Actually Lightning enables various GPU-selection flags by setting the devices
attribute of Trainer
, see https://lightning.ai/docs/pytorch/stable/accelerators/gpu_basic.html. I manually set CUDA_VISIBLE_DEVICES
mainly because I want to use --gpu 0
for using the 0th GPU (which is interpreted to using zero GPUs in Lightning) and use --gpu 0,1
for using specific GPUs (which should be --gpu "0, 1"
with a comma in Lightning) :( I think there should be a better way to utilize the selection flags in Lightning.
Does running with srun give CUDA_VISIBLE_DEVICES=None? If so, the code will only use the first GPU?
srun automatically sets and exports CUDA_VISIBLE_DEVICES
, e.g. CUDA_VISIBLE_DEVICES=5,6
. I coded this PR assuming that we'll normally want to use all slurm-allocated devices. But along the way I discovered https://github.com/threestudio-project/threestudio/issues/195, which I think is a bug, to be investigated and fixed later.
see https://lightning.ai/docs/pytorch/stable/accelerators/gpu_basic.html.
Thanks @bennyguo , this was very helpful! This helped me simplify this PR. Please review and squash/merge. Thank you!
@voletiv can you review this carefully, and maybe try it out from the branch? @bennyguo is in vacations, and I'd like to use this from this moment on, to make less wasteful use of the cluster. I can show you my workflow.

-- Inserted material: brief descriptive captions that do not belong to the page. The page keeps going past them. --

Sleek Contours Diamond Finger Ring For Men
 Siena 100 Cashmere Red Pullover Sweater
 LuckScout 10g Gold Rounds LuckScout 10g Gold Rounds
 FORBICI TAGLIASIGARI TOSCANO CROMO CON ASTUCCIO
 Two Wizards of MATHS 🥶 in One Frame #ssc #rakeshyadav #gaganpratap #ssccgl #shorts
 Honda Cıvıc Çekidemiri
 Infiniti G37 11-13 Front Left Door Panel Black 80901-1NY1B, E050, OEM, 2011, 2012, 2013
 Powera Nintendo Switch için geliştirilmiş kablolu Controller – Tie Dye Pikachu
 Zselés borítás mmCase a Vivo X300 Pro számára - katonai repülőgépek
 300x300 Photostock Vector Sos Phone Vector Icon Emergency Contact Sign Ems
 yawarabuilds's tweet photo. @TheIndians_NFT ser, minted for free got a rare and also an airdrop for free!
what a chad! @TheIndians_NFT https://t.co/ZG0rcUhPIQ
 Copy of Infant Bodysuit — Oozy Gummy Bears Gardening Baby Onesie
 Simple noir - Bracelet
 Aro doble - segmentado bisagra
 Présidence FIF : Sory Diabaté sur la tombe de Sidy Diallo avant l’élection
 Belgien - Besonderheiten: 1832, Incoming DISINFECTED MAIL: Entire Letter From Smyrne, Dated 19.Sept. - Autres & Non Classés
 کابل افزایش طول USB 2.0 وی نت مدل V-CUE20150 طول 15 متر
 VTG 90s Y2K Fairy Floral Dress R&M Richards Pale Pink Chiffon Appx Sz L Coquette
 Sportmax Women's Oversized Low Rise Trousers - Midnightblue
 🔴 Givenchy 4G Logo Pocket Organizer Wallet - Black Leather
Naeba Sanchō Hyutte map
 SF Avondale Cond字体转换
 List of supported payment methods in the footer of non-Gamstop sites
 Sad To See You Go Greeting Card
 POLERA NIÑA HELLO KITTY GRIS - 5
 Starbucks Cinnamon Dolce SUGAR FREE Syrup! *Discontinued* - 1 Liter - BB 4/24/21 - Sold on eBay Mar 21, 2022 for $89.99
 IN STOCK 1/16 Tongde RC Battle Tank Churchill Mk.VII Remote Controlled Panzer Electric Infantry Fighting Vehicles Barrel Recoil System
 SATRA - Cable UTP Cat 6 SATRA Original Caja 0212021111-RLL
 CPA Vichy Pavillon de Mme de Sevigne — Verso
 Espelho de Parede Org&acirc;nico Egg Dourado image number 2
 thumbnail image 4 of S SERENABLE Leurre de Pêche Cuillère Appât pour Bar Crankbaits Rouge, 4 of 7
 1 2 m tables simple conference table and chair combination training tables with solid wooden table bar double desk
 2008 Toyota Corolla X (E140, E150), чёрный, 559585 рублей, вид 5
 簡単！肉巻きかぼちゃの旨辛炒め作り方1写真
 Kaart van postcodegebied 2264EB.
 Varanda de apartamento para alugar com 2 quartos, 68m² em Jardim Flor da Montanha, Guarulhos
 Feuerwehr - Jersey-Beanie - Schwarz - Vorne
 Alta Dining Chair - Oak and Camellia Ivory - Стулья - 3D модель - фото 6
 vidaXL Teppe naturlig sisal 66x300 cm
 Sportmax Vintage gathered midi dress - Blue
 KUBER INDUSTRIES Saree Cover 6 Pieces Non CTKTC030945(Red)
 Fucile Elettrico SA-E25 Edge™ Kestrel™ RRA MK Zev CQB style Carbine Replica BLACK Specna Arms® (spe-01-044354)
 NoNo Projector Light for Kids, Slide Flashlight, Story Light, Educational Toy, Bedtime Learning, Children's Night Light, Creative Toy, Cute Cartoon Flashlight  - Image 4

@claforte I have a better idea to further simplify this. We just need to parse args.gpu
to devices
:
-1
to -1
i
(an integer) to [i]
(a list)i1,i2,...
(a list) to [i1,i2,...]
(a list)-1
In this way we don't even need to mess with CUDA_VISIBLE_DEVICES
any more. For slurm, just need to use the default -1
to use all available GPUs.
That sounds good... I thought the same at first, but put aside that simplified approach because I wasn't sure if downstream packages like tiny-cudann explicitly rely on CUDA_VISIBLE_DEVICES... Still, I'll try it out.
@claforte They may rely on the "current" device but I have this handled in the code so we don't need to worry about this :)
Using -1
as default has the disadvantage that it's non-trivial to determine n_gpus
(required downstream by config.py
to add a timestamp only when 1 GPU is used). I'll try to simplify the code as you suggested but with a default of 0
- i.e. use only the first available GPU. For slurm commands we can always recommend using --gpu -1
.
UPDATED: Actually, changing the default doesn't completely solve that problem. I'll stick with a default of 0, but will disable adding timestamp when -1 is passed.
Ah well... this feature turned out to be so much more complicated than I expected. Some downstream code (NerfAcc or tinycudann guessing from the stack trace) requires CUDA_VISIBLE_DEVICES to be defined, when passing a list of a single GPU (e.g. devices=[2]
) to Trainer(). e.g.:
python launch.py --config configs/dreamfusion-if.yaml --train --gpu 2 system.prompt_processor.prompt="a zoomed out DSLR photo of a baby bunny sitting on top of a stack of pancakes"
crashes with a deep stack trace with this error:
RuntimeError: Expected all tensors to be on the same device, but found at least two devices, cuda:2 and cuda:0!
This problem doesn't occur if I manually prepend CUDA_VISIBLE_DEVICES=2
in front of that command, and pass --gpu 0
:
CUDA_VISIBLE_DEVICES=2 python launch.py --config configs/dreamfusion-if.yaml --train --gpu 0 system.prompt_processor.prompt="a zoomed out DSLR photo of a baby bunny sitting on top of a stack of pancakes"
... starts normally and uses GPU #2
as expected.
I conclude from this that we do need to set CUDA_VISIBLE_DEVICES.
@bennyguo This is the simplest I can make the logic, and still work in all cases. I tried supporting --gpu -1
in the case where CUDA_VISIBLE_DEVICES isn't set, but that caused infinite loops of forks. At this point, I feel I've spent excessive time on this feature. Please approve as-is since I tested it extensively. Thank you!
Sure, thanks @claforte !
The SLURM
srun
command assigns a node that has the specified number of available GPUs then sets CUDA_VISIBLE_DEVICES, e.g. to "6,7" if 2 GPUs were requested. Therefore we can't rely on--gpu 6,7
to specify which GPUs to use.I tested that this works for simple cases and for srun when there's 1 or more GPUs specified, except the following known issue:
export CUDA_VISIBLE_DEVICES=6,7
, threestudio seems to use both GPUs equally.I recommend holding back on merging it until tomorrow... I plan to do a bit more testing then.